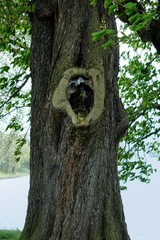 baum mit loch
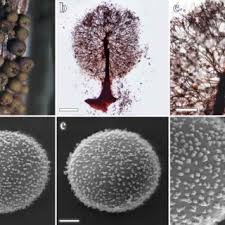 Attēlu rezultāti vaicājumam “Trichia contorta”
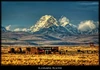 Bolivian Altiplano
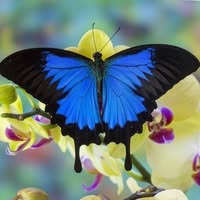 Holly Kinsolving's profile image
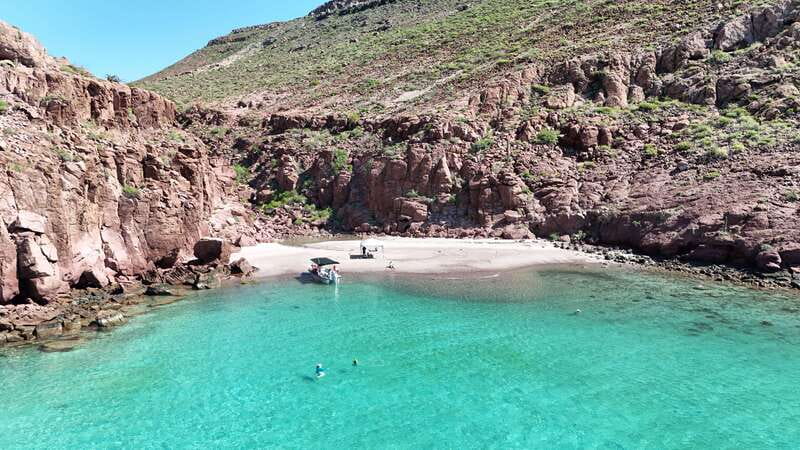Espiritu Santo Island: Snorkeling Sea Lion Adventure - The guide team and safety vibe: why it feels “hands-on” in a good way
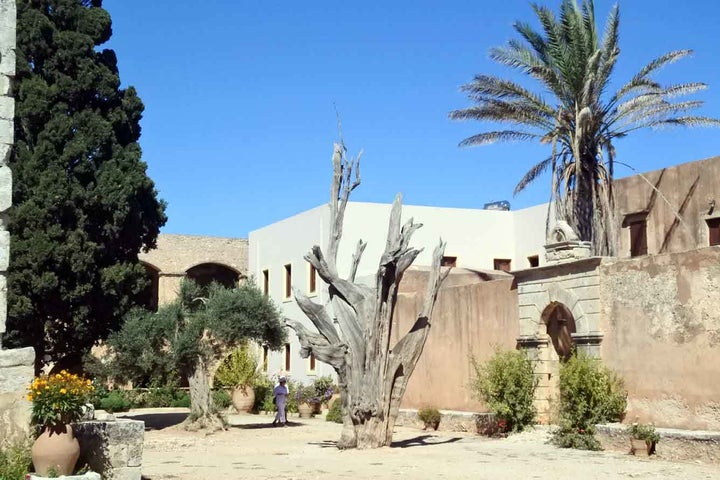 <p>The ancient cypress tree at Arkadi still holds a shell from the Turkish siege in its naked trunk. </p>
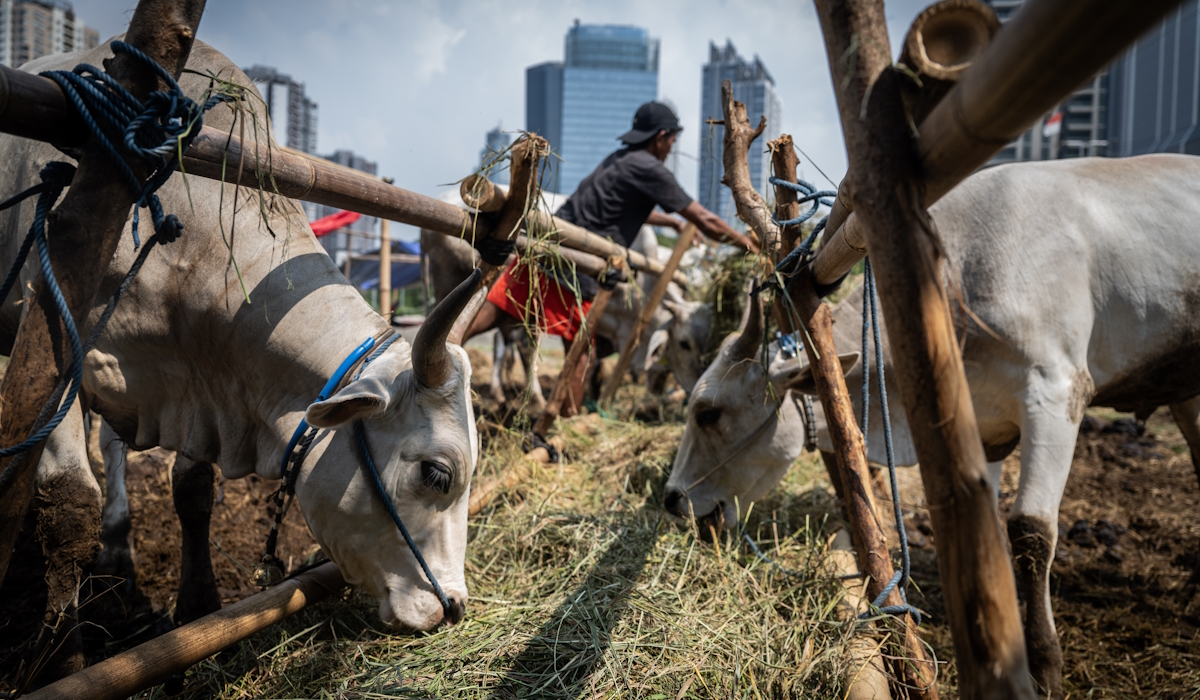 Seorang pedagang memberi makan sapi kurban yang dijual di kawasan Kuningan, Jakarta 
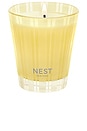 view 1 of 6 SUNLIT YUZU & NEROLI CLASSIC CANDLE 캔들 in 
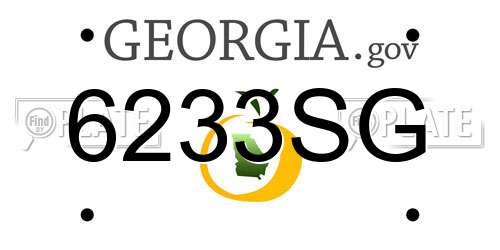 6233SG Georgia License Plate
──────────────────────────────
• INSTRUCTIONS TO FOLLOW
Your answer should consist solely of the lines from the one with "view 1 of 6" through the last line of the entries, restated word for word, with the pictures omitted.

• ANSWER TO THIS PROBLEM
 view 1 of 6 SUNLIT YUZU & NEROLI CLASSIC CANDLE 캔들 in 
 6233SG Georgia License Plate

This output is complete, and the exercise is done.